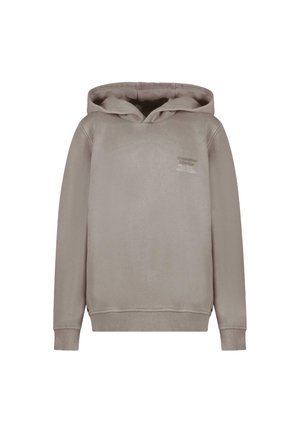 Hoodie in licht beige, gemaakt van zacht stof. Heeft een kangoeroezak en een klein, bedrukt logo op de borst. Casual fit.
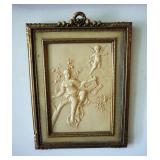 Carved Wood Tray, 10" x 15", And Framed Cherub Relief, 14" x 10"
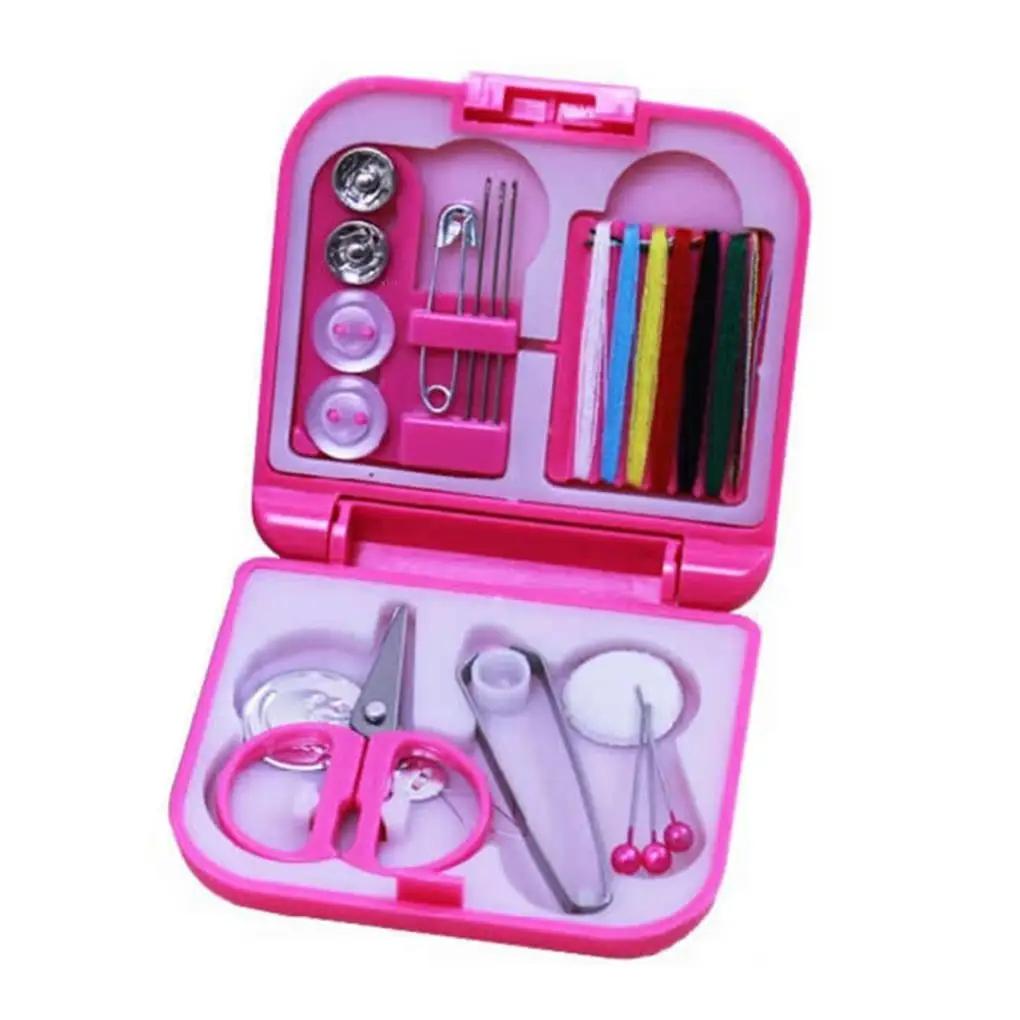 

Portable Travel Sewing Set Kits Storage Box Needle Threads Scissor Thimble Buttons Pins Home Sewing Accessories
++++++++
Exercise description
All of the data needs repeating exactly, but the pictures do not.

Answer space
 Hoodie in licht beige, gemaakt van zacht stof. Heeft een kangoeroezak en een klein, bedrukt logo op de borst. Casual fit.
 Carved Wood Tray, 10" x 15", And Framed Cherub Relief, 14" x 10"

Portable Travel Sewing Set Kits Storage Box Needle Threads Scissor Thimble Buttons Pins Home Sewing Accessories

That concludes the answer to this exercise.